What the task asks ▸
What is needed is an exact copy of the lines in the entries below from the one holding "Cary Fukunaga dons" through the one holding "A man in a cowboy", pictures excluded.

START Excerpted records

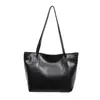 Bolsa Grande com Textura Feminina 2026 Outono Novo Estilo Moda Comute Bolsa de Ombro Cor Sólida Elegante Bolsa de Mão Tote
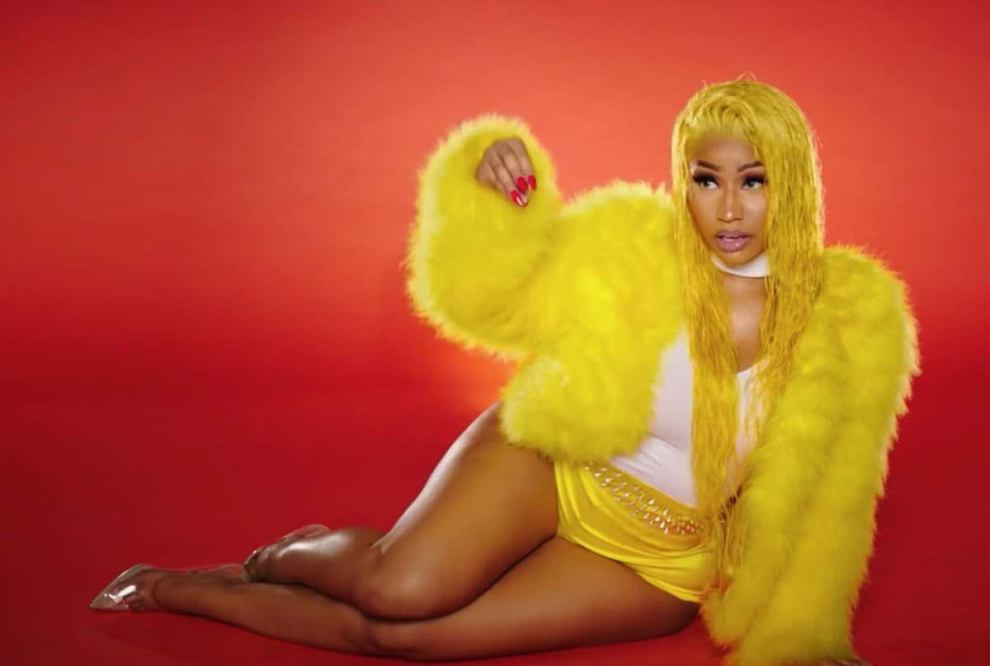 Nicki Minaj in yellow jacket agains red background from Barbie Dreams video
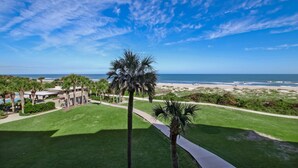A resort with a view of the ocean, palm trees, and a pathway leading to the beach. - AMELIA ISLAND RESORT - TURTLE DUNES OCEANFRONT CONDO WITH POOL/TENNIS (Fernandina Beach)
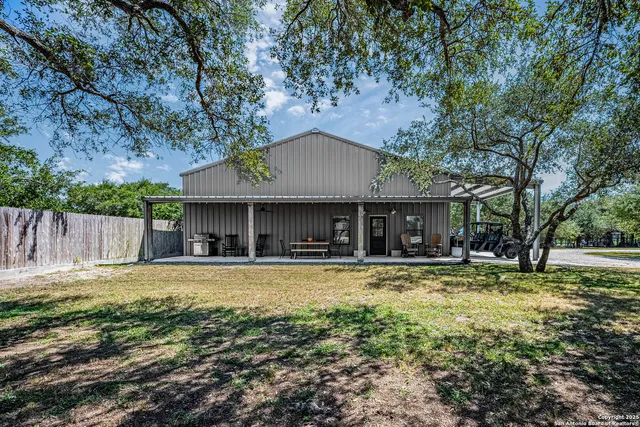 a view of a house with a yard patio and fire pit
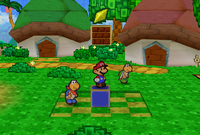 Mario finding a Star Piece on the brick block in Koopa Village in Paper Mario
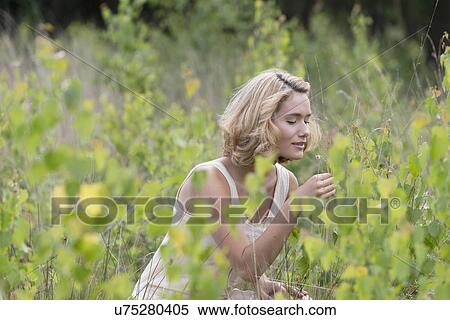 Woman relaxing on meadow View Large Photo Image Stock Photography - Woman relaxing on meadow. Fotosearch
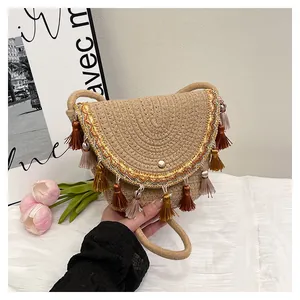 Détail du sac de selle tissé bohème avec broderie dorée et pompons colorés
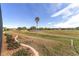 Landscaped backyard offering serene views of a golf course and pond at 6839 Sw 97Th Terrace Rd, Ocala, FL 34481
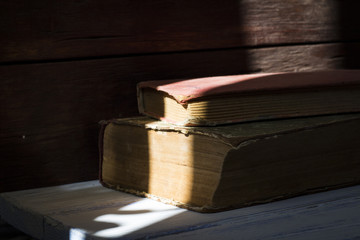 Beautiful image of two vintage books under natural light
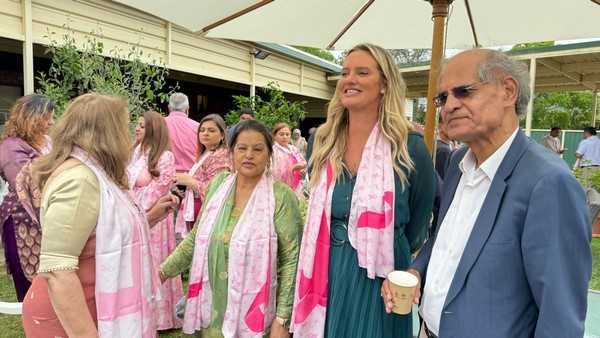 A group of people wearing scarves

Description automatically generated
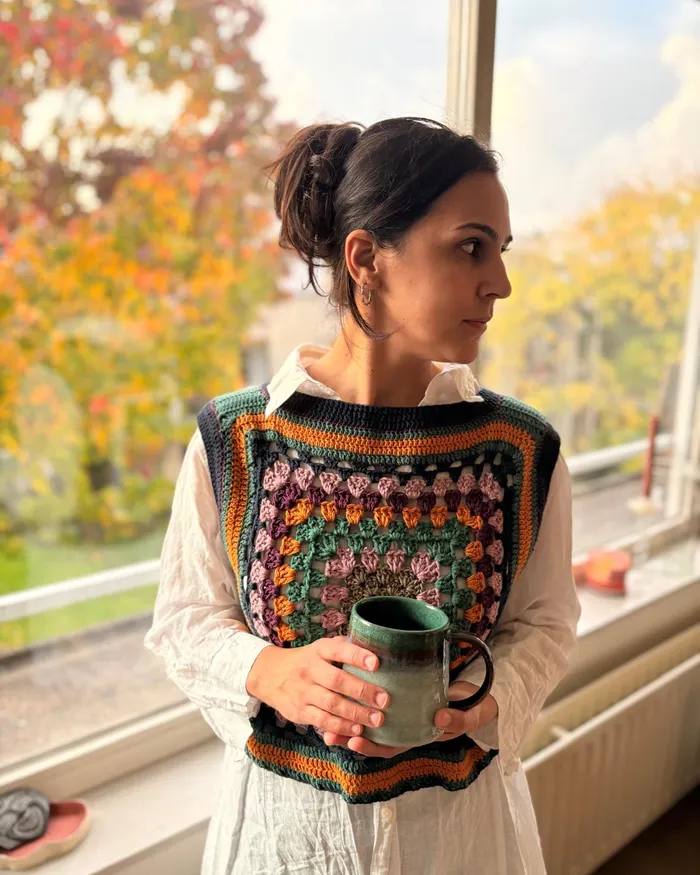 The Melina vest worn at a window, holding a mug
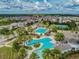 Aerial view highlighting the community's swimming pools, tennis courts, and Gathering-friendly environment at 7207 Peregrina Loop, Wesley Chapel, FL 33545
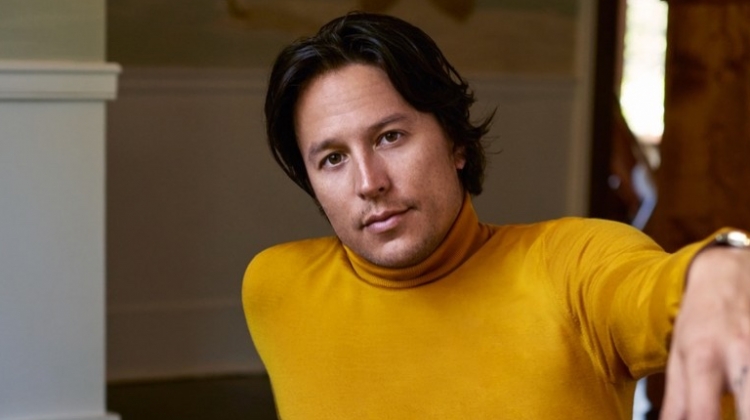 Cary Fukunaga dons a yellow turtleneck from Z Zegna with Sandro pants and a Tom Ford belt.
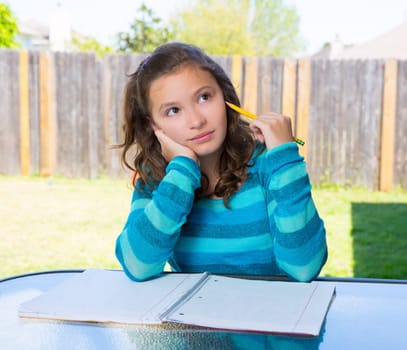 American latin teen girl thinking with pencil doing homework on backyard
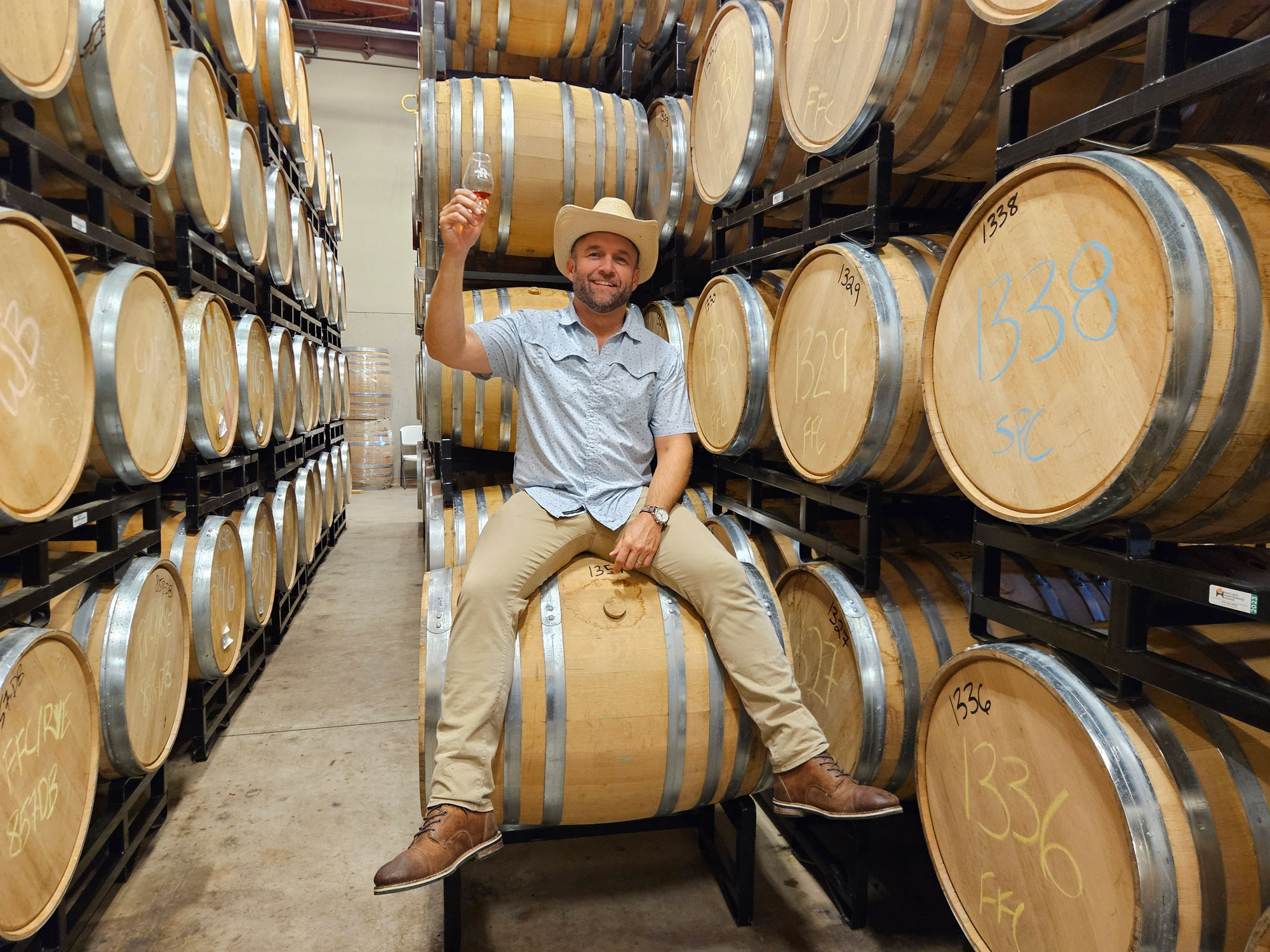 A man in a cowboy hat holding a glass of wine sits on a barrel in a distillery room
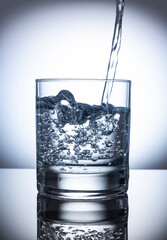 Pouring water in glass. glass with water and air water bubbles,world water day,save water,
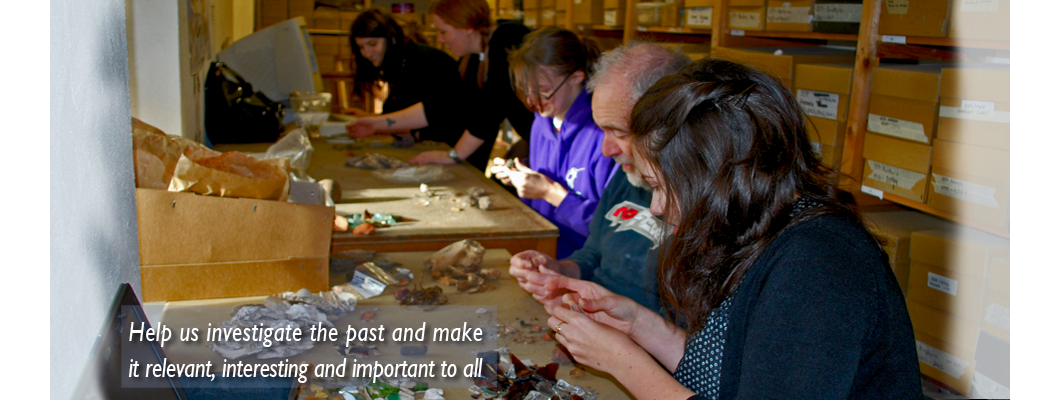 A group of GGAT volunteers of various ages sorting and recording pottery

END Excerpted records

Result of this exercise ▸
 Cary Fukunaga dons a yellow turtleneck from Z Zegna with Sandro pants and a Tom Ford belt.
 American latin teen girl thinking with pencil doing homework on backyard
 A man in a cowboy hat holding a glass of wine sits on a barrel in a distillery room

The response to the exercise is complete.